----- DATASET ENTRIES -----

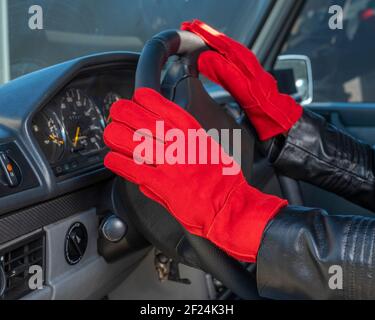 Frau Hände in Lederhandschuhen am Lenkrad. Winter Mode Hintergrund. Stockfoto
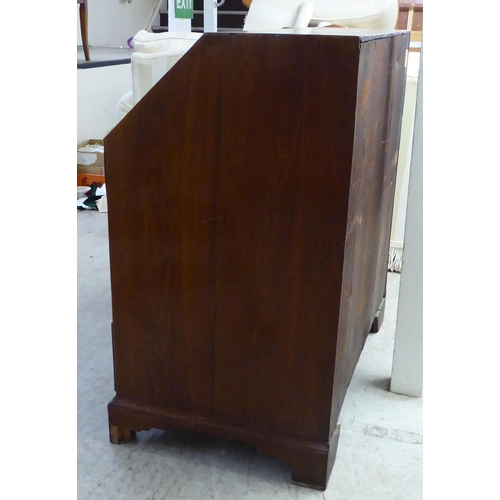 48 - A 19thC and later crossbanded mahogany and walnut bureau, the fall-flap over two short/two long draw... 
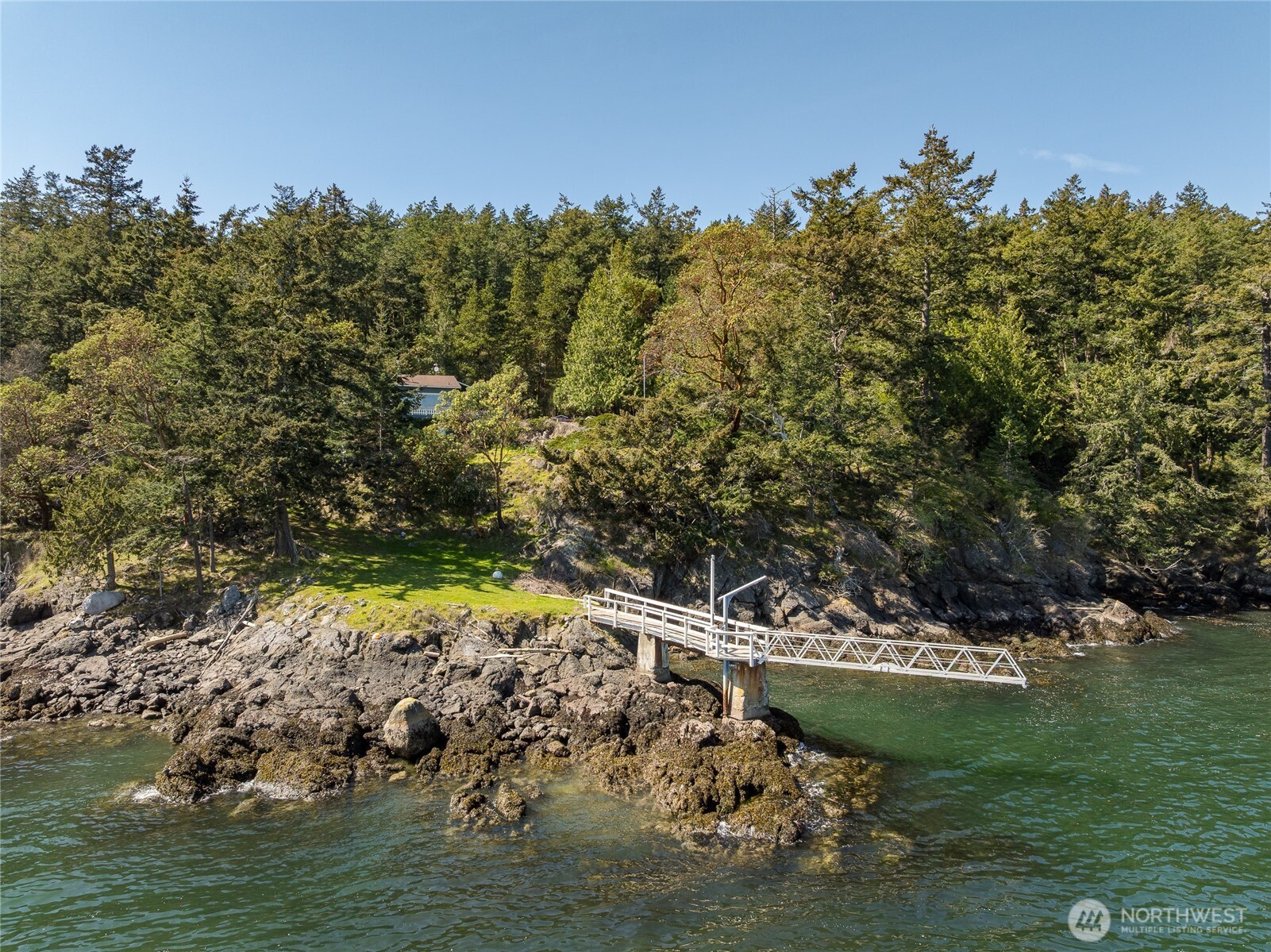 208 Tides End Road Lopez Island, WA 98261 - Photo 39 of 40 a view of a lake with houses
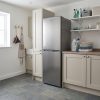 248L Freestanding Fridge Freezer 50/50 - Stainless Steel - Scale and room context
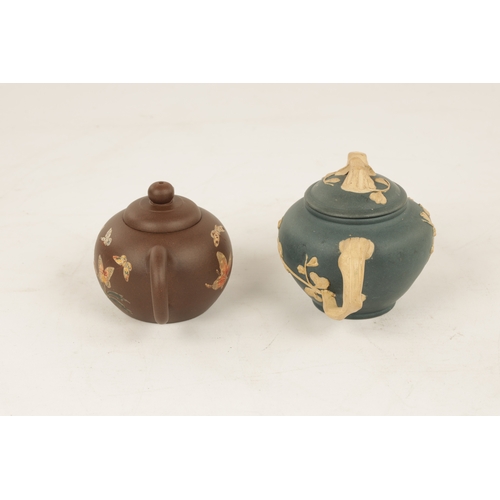 260 - TWO 19TH CENTURY CHINESE TERRACOTTA SMALL TEAPOTS the blue example with branch work handles and spou... 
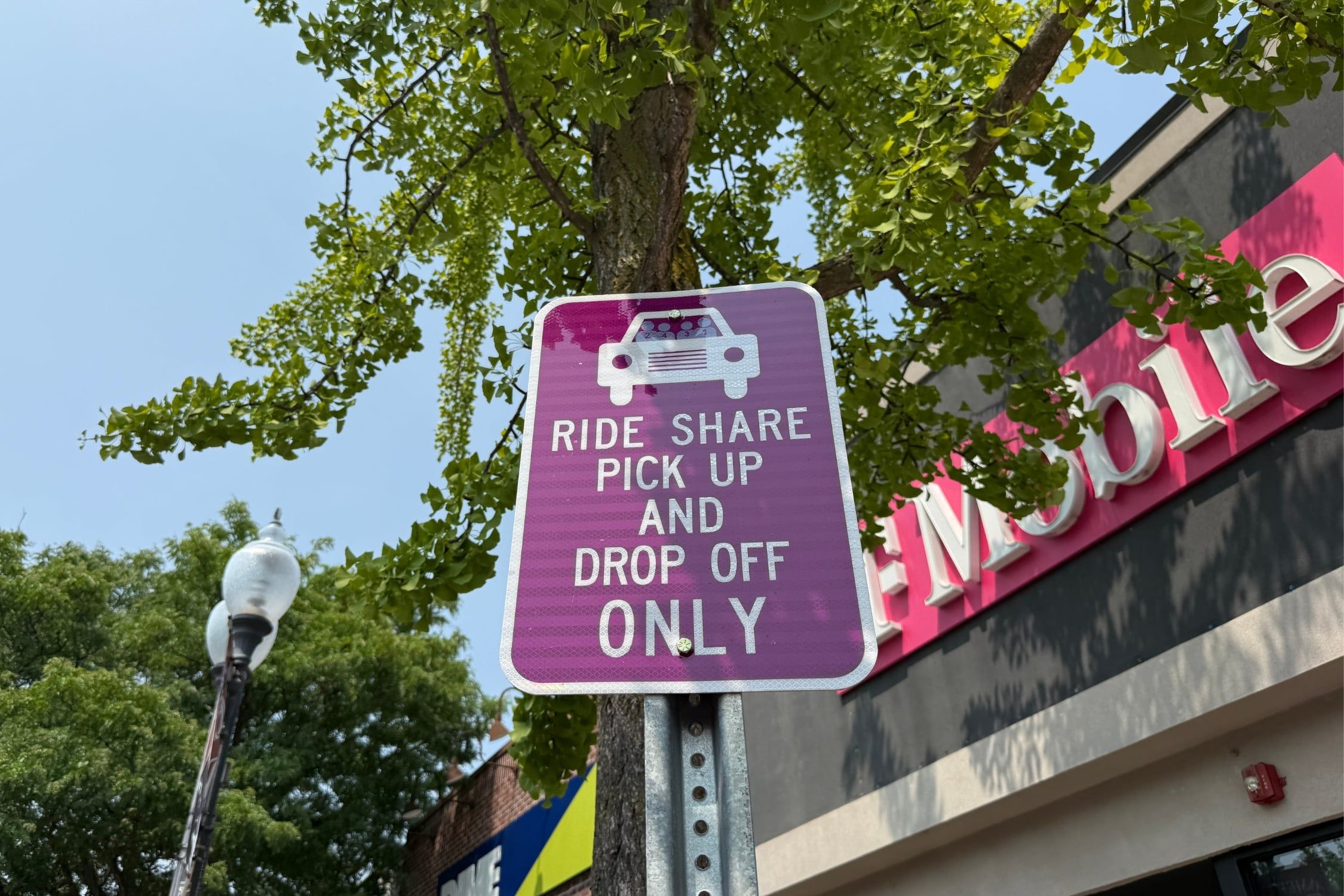 Rideshare parking sign in Patchogue.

-----

### PROBLEM STATEMENT
After locating the line containing "260 - TWO 19TH" in the entries above, repeat only it and each later line through the end, exactly, without any pictures.

### REPLY
 260 - TWO 19TH CENTURY CHINESE TERRACOTTA SMALL TEAPOTS the blue example with branch work handles and spou... 
 Rideshare parking sign in Patchogue.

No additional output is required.